So how likely is it to book a Disney on-site resort via RCI ?

Thank you


----------



## rickandcindy23 (Jan 8, 2019)

Very likely you will get Saratoga Springs, and you should definitely include that one in your search, or you may end up with nothing.  That is just the nature of the inventory.


----------



## geist1223 (Jan 8, 2019)

When we stayed at Disney we put our request in about 14 months in Advance. We made it very broad - 1 week in February (14 months out) in a 1 bedroom or larger any Disney Resort. The request matched after waiting about 5 months for Saratoga Springs. Then we quickly requested a week prior to this or subsequent 1 bedroom or larger. Within days we havd Old Key West.

So start your request at least 1 year in advance and make it as broad as possible.


----------



## rickandcindy23 (Jan 8, 2019)

Do not forget that Disney charges $190 to stay onsite, and you will get only 1 bedrooms for your matches.  The one bedrooms sleep up to four, but you can bring your own bedding to sleep an additional fifth person.  If the 5th person is an infant, there is a pack-n-play in every Disney unit (also a wooden high chair in every unit).


----------



## Howdy_TX (Jan 8, 2019)

Thank you - so the request you mentioned is exchange with points ? Or pay cash? I was hoping not to use points because I don’t have enough- and isn’t there an exchange fee if using points? Never used WM points in RCI


----------



## vacationhopeful (Jan 8, 2019)

An Exchange is YOUR points for a timeshare week. If you don't want to use your points, you have to rent from Disney for RACK RATE or find an DVC owner who will rent you a reservation.
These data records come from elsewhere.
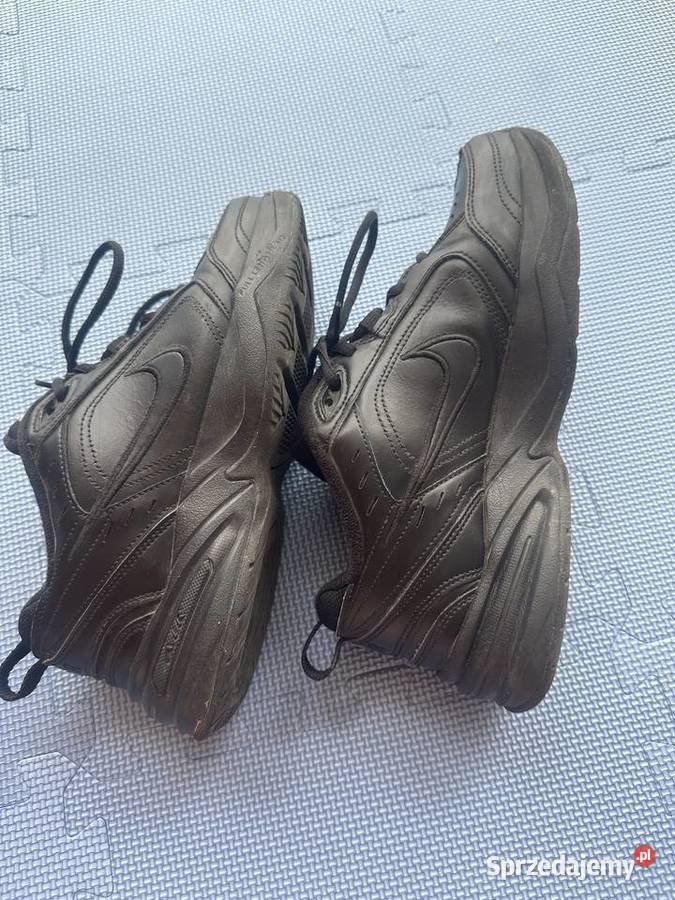 Nike Air Monarch czarne męskie r 41 Zaczernie sprzedam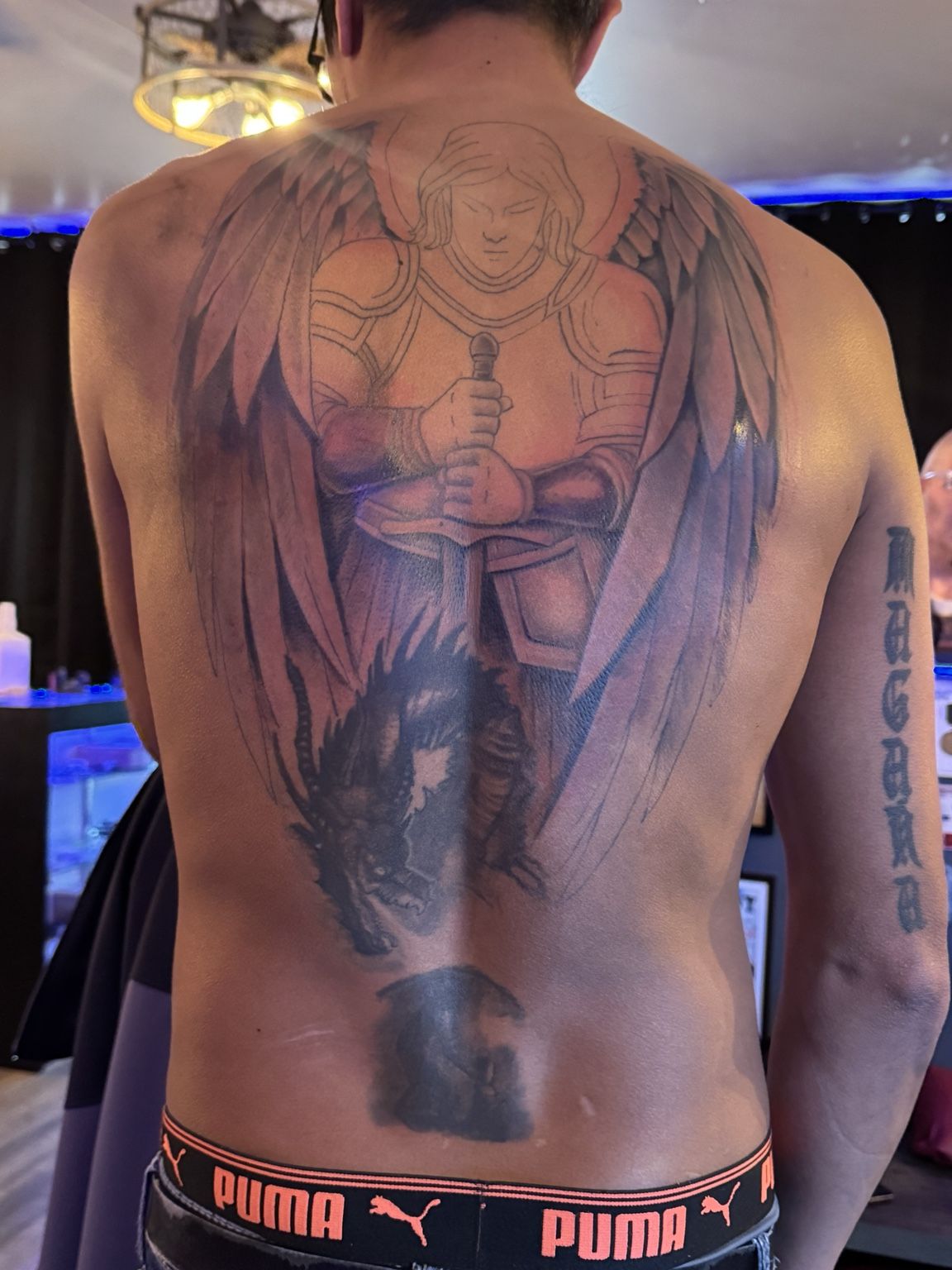 Featured tattoo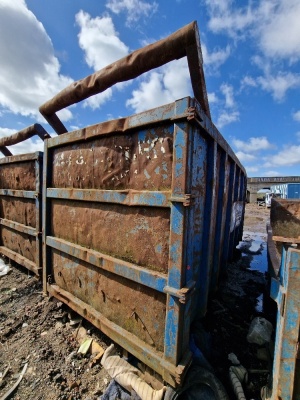 40yrd Big Hook Bin - 6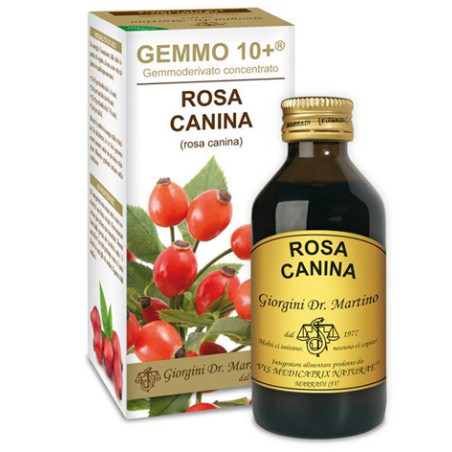 Gemmo 10+ Rosa Canina Liquido Analcolico 100 Ml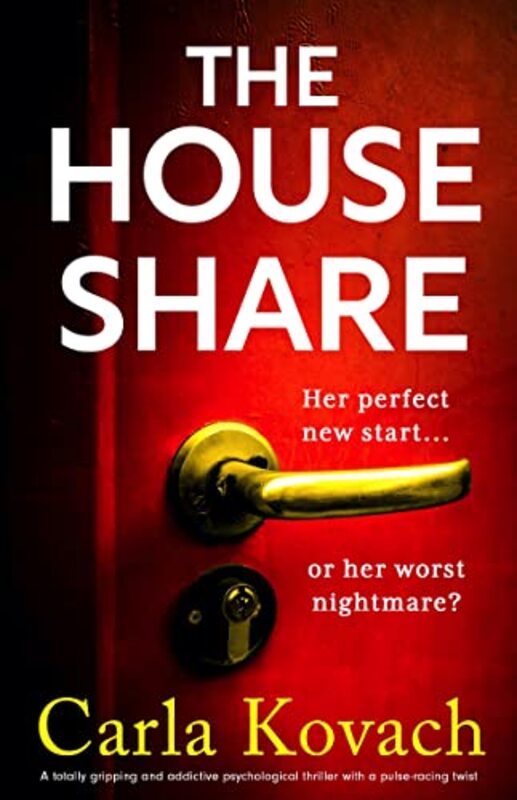 Book cover for "The Houseshare" by Carla Kovach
CASH is cash .. and other than the cash fees an exchange company charges you, you MUST exchange your TS vacation unit for an available DVC unit traded into their system. Can't trade a DOG WEEK/RESORT for a DVC WEEK.

Ongoing searches COULD help to achieve your goal.

Why would a DVC owner trade in their DVC points into RCI for one of their weeks? Perhaps a desire to go to a NON-DISNEY resort/location .... aka, New Mexico, New Jersey, Texas.


----------



## breezez (Jan 8, 2019)

Howdy_TX said:


> Thank you - so the request you mentioned is exchange with points ? Or pay cash? I was hoping not to use points because I don’t have enough- and isn’t there an exchange fee if using points? Never used WM points in RCI


You won’t find DVC resorts on last minute getaways.  You will need you use credits.  You can rent credits from others for about .07 per credit just look at WMOWNERS.com

Yes there is an exchange fee then Disney will also bill you $190 fee when checking in on top of that.  Magic of Disney Tax!

There are many nice resorts in Orlando much easier to get than Disney.   All the HGVC resorts are nice.  Wyndham’s Bonnet Creek is at the front gate just about.  

Since you own WM.  A sneaky trick.  Any resort any size is 4000 WM credits 45 days to checkin.   Orlando is one of the easiest places to get resorts if you wait and roll the dice you will still probably get a nice place, but pretty cheap.  Example Reunion tends to always have last minute inventory.  Those are 3 bedroom places with onsite water park.   WM takes 17,000 credits.  Booking via RCI last minute exchange only 4000 credits.


----------



## Howdy_TX (Jan 8, 2019)

I’m actually referring to Extra Getaway Vacations - where you don’t use points but pay $ - this is not possible to get a Disney resort reservation ? 

Last min (less points) would be nice too, but since flying from out of state, I can’t do last min since airfare most of time last min is super pricey


----------



## breezez (Jan 8, 2019)

Howdy_TX said:


> I’m actually referring to Extra Getaway Vacations - where you don’t use points but pay $ - this is not possible to get a Disney resort reservation ?
> 
> Last min (less points) would be nice too, but since flying from out of state, I can’t do last min since airfare most of time last min is super pricey


It’s supply and demand!

Almost all Disney resorts are internal traded or people rent units out because there is a large demand.  Very few end up in RCI.    Since few end up in RCI most are immediately snapped up by members.   Extra Getaways are stale inventory RCI feels they may not get exchanged before they expire.   So they offer them for a low price as something is better than nothing.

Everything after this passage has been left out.